University of Wisconsin–Madison



#1 Tracking change over timedue September 13: [Use the “Minor Assignment #1 Materials” on the class website.] Compare the plat map (1834) of the township around “Fourth Lake” with an economic inventory map of the same area drafted a century later (1939), and, in one sentence NOT EXCEEDING 50 words (the 51st word and its successors face a terrible fate), explain to what extent (if any) the land use mapped in 1939 reflects the pattern of parcels laid out in 1834.

#2 Comparing Different Sourcesdue September 20: Compare Theodore De Bry’s plate XVIII (“Their danses which they use …”) with John White’s painting of the same scene (“Indians Dancing,” Lecture 5, slide 4, course website) and, in one sentence NOT EXCEEDING 50 words (or else…), both point out at least one significant way in which De Bry’s rendering changes White’s original and suggest a possible reason for the difference.

#3 Constructing a Literary Analysisdue September 27: In one sentence NOT EXCEEDING 50 words (see above for implied but real threat), determine whether Mary Rowlandson referred to the Old or New Testament more frequently and suggest the possible significance of this pattern.
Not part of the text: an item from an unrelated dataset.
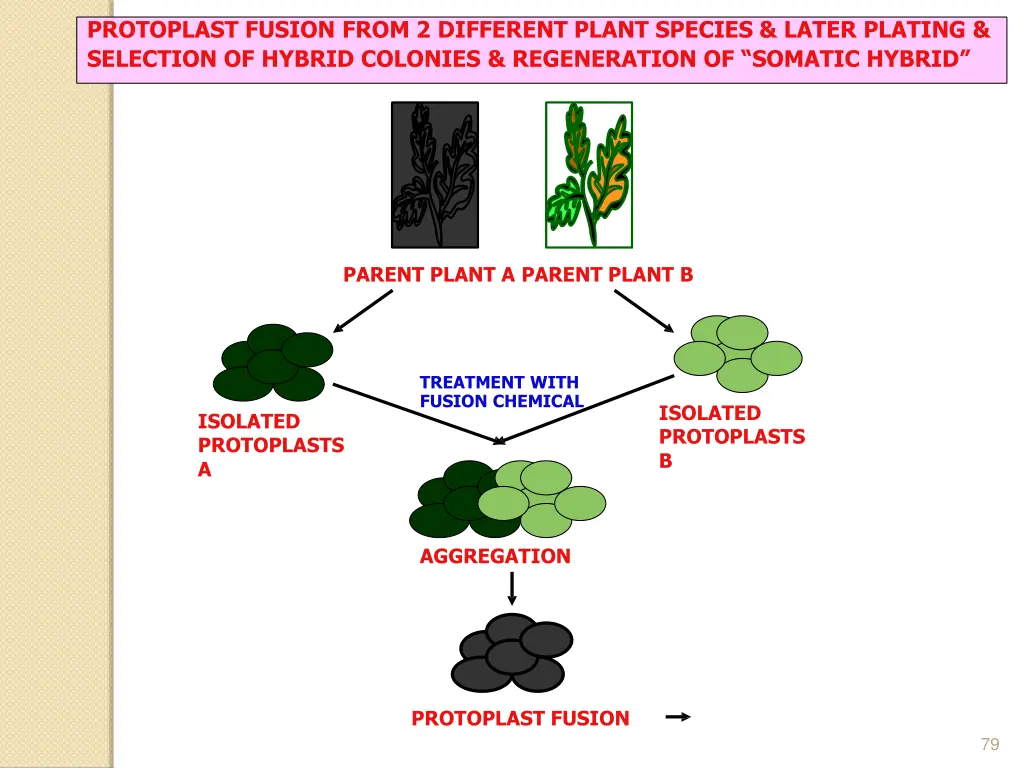 protoplast fusion from 2 different plant species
#4 Synthesizing sourcesdue October 18: Evaluating the evidence presented particularly by the primary sources, explain in one sentence NOT EXCEEDING 50 words (surely you understand the drill by now) to what extent (if any) the War for American Independence was also a civil war among Americans.

#5 Summarizing and critiquing an argumentdue October 25: In two sentences NOT EXCEEDING 75 words (but do not let the liberalized word and sentence limits lure you into verbosity), summarize Lepore’s argument about the Constitution and then critique it.

#6 Analyzing rhetoricdue November 22: Probe Philip Hone’s attitude towards Andrew Jackson and, in one sentence NOT EXCEEDING 50 words (yadda, yadda, yadda), determine the reason(s) for it.